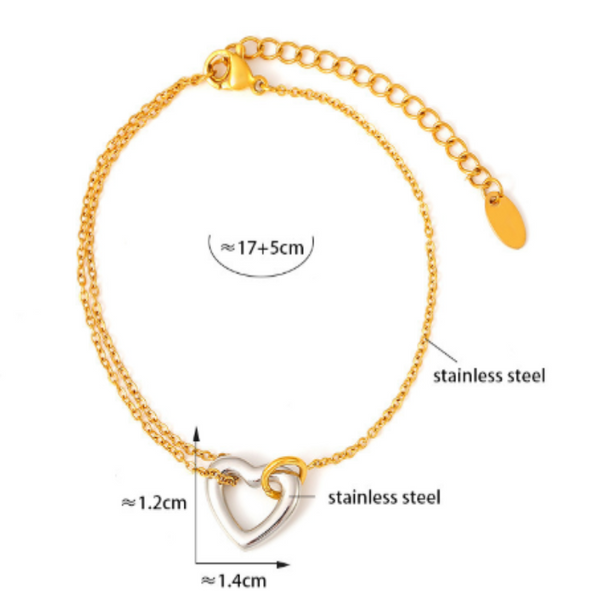 18K Gold Plated Heart Bracelet Bracelets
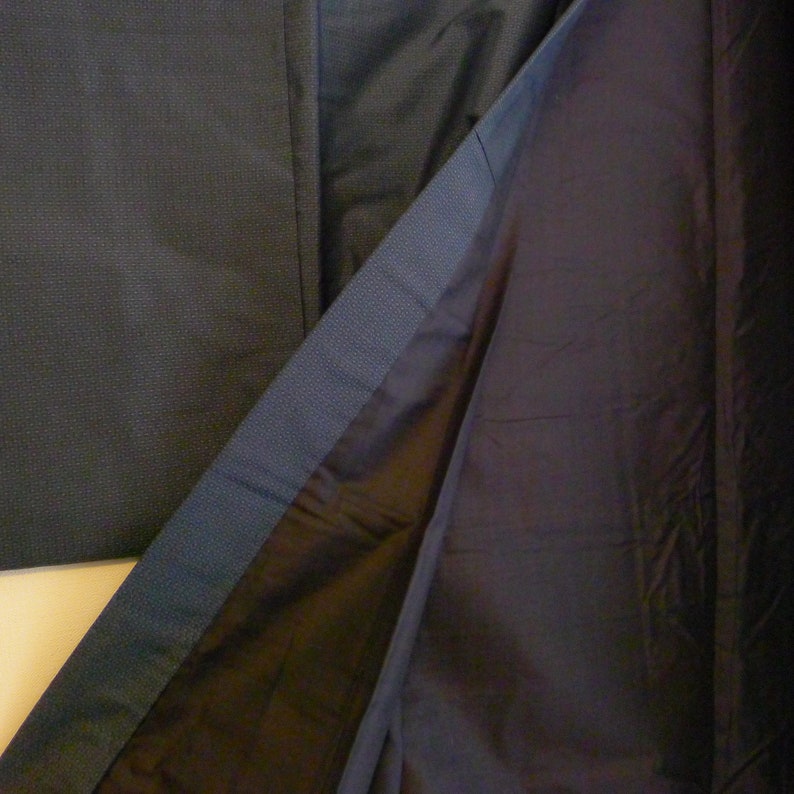 blue haori and kimono for men Oshima tsumugi silk ensemble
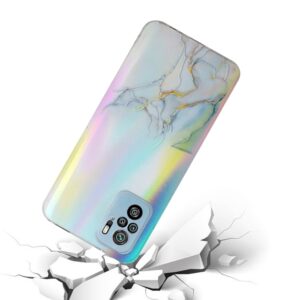 Xiaomi Redmi Note 10 4G / Note 10S / Poco M5s Θήκη Σιλικόνης Μάρμαρο Γκρι Laser Marble Pattern Clear TPU Shockproof Protective C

Work instructions:
Would you write out the material above in full, exactly as given, except for its pictures?

Written solution:
 18K Gold Plated Heart Bracelet Bracelets
 blue haori and kimono for men Oshima tsumugi silk ensemble
 Xiaomi Redmi Note 10 4G / Note 10S / Poco M5s Θήκη Σιλικόνης Μάρμαρο Γκρι Laser Marble Pattern Clear TPU Shockproof Protective C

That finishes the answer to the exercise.